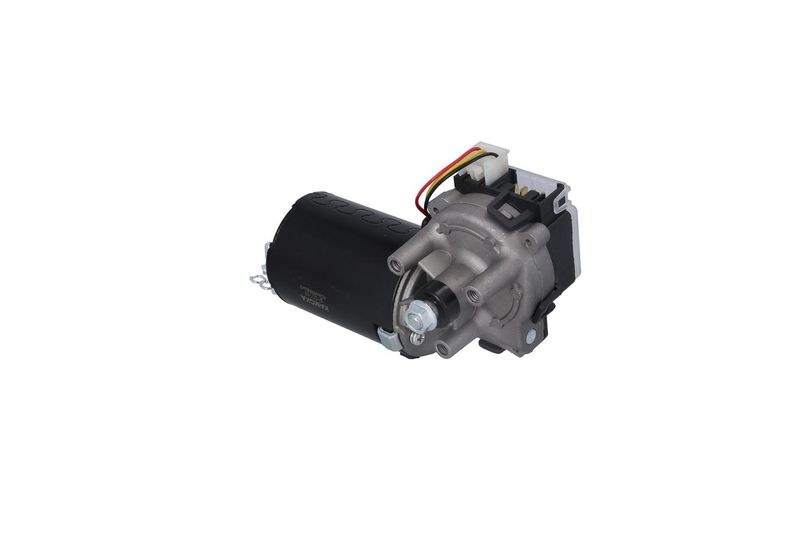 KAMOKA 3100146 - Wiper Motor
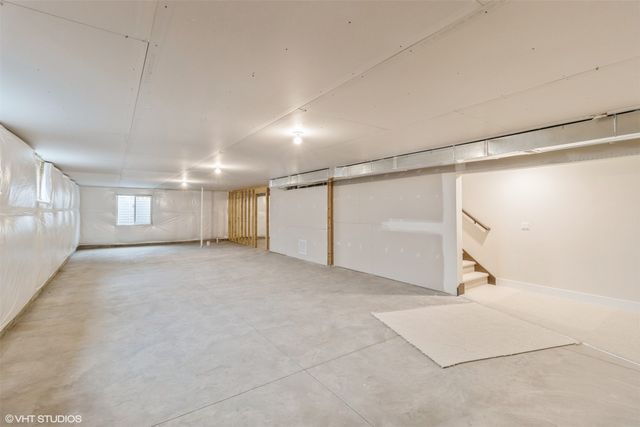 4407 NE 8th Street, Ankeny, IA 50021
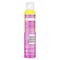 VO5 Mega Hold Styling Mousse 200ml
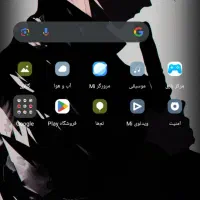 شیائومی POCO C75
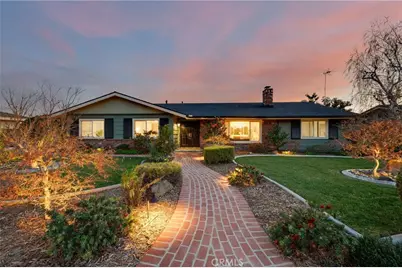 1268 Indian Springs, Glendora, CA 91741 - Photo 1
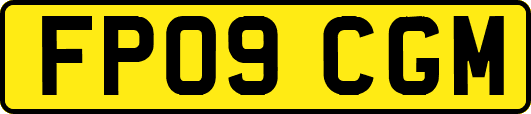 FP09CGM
■ ■ ■ ■ ■ ■ ■
### [What you have to do]
Each line of the data should be quoted exactly, with pictures left out.

### [Expected answer]
 KAMOKA 3100146 - Wiper Motor
 4407 NE 8th Street, Ankeny, IA 50021
 VO5 Mega Hold Styling Mousse 200ml
 شیائومی POCO C75
 1268 Indian Springs, Glendora, CA 91741 - Photo 1
 FP09CGM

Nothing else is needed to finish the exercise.